Heidelberg research group seeks and develops inhibitors against flavi- and coronaviruses
New drugs are intended to help stop viral zoonoses – infections that jump from animals to humans. To study suitable inhibitors, Prof. Dr Christian Klein from the Institute of Pharmacy and Molecular Biotechnology (IPMB) of Heidelberg University is receiving funding in the amount of 450,000 euros from the Volkswagen Foundation. The project is focussed on flavi- and coronaviruses, which cause infectious diseases such as Zika, dengue, West Nile Fever, and Middle East Respiratory Syndrome (MERS). The goal is to identify drugs to fight these pathogens and perform preclinical studies. To that end, the Heidelberg researcher and his team are working with a partner company in the pharmaceutical industry.
The Heidelberg scientists' approach is based on new findings about so-called protease inhibitors, molecules that inhibit the activity of viral enzymes in the cell. These enzymes, known as proteases, ensure the processing of long protein chains – the “viral polyprotein” – that contain the components which form new viruses and thereby enable viral replication. Suitable inhibitors can specifically inhibit this process. In some cases, protease inhibitors are already used in antiviral therapy, making a vital contribution to the treatment of HIV infections, for example. “Building on our previous work on the medicinal chemistry of dengue, we want to expand the search for active ingredients that act at the point of virus reproduction to heretofore less studied pathogens like the MERS coronavirus and the West Nile virus, but also to SARS-CoV-2,” explains Christian Klein, who heads the research group for Medicinal Chemistry at the IPMB. Promising substances with clinical translational potential are to be further developed for application together with a Dutch pharmaceutical company.

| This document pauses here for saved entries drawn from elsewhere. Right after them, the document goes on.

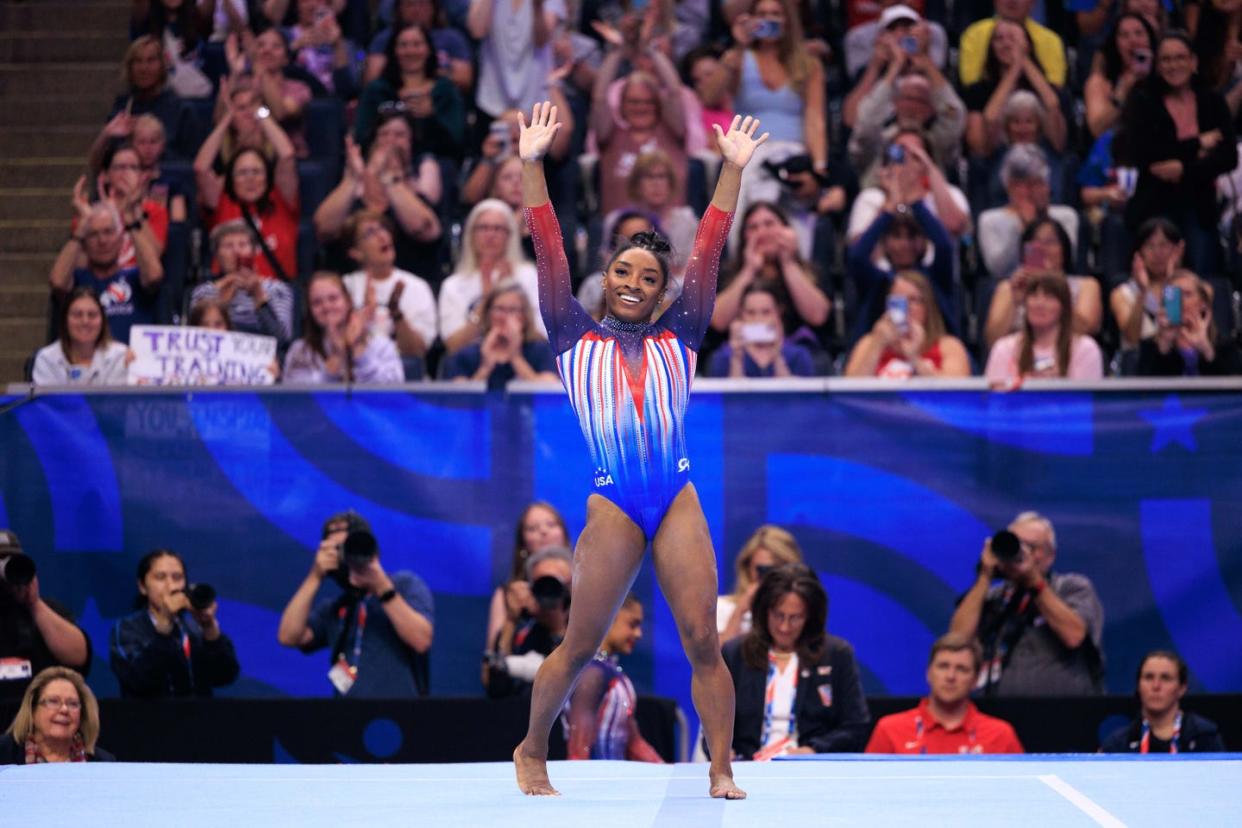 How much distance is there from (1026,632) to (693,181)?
11.6 ft

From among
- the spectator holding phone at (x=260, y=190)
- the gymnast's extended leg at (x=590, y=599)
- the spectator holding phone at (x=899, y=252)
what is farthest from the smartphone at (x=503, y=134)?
the gymnast's extended leg at (x=590, y=599)

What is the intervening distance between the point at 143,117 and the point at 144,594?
3.69 m

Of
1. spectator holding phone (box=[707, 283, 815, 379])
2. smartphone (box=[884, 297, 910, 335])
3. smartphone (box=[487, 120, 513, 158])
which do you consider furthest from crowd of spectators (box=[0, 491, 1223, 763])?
smartphone (box=[487, 120, 513, 158])

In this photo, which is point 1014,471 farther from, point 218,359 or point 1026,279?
point 218,359

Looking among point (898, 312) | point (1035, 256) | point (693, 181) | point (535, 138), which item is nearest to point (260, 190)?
point (693, 181)

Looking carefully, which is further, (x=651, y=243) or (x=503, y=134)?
(x=503, y=134)

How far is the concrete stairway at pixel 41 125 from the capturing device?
10.4 m

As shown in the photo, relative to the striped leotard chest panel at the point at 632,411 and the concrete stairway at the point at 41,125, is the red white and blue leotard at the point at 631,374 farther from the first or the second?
the concrete stairway at the point at 41,125

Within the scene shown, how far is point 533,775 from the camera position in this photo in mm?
4871

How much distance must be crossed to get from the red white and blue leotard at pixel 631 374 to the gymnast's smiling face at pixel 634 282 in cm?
5

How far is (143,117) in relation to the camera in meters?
9.77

According to the researcher, a key component of the research lies in studying the processes involved in viral reproduction in their natural environment within cells. To this end, reporter gene assays are used. These are intracellular model systems that allow the researchers to study the effects of substances at the targeted site of action. “These cell-based assay systems have already made an essential contribution to the discovery and optimisation of new classes of substances from our laboratory that are currently in preclinical development,” reports Prof. Klein. With the in-vitro test systems developed by his research team, extensive compound libraries can be searched for new drugs against flavi- and coronaviruses. They will then be chemically optimised and tested for their antiviral effect.
Through the development of additional protease inhibitors, the Heidelberg researcher expects to gain special advantages in the fight against existing and novel viral threats. “We are hoping for a higher broad effect than can be achieved with highly specialized vaccines designed for a single pathogen,” underlines Christian Klein. “In the future, we have to expect that flavi- or coronaviruses from animals such as camels, bats, horses, birds, and monkeys will pass to humans. In the event of an outbreak, protease inhibitors can complement the rapidly available arsenal of medications.”
The Heidelberg project, entitled "Preclinical development of antiviral protease inhibitors targeting flavi- and coronaviruses", is receiving the funding under the auspices of the special call for proposals set up in response to the worldwide coronavirus pandemic, "Viral Zoonoses – Innovative Approaches to Drug Development". Through this funding initiative, the Volkswagen Foundation supports application-oriented research projects aiming to develop innovative drugs to fight viral pathogens such as SARS-CoV-2 and other viral zoonoses. To be eligible for funding, a European company must have already expressed a potential translational interest at the time of application. The work at Heidelberg University is supported as one of twelve research projects. The overall funding amount is approximately seven million euros.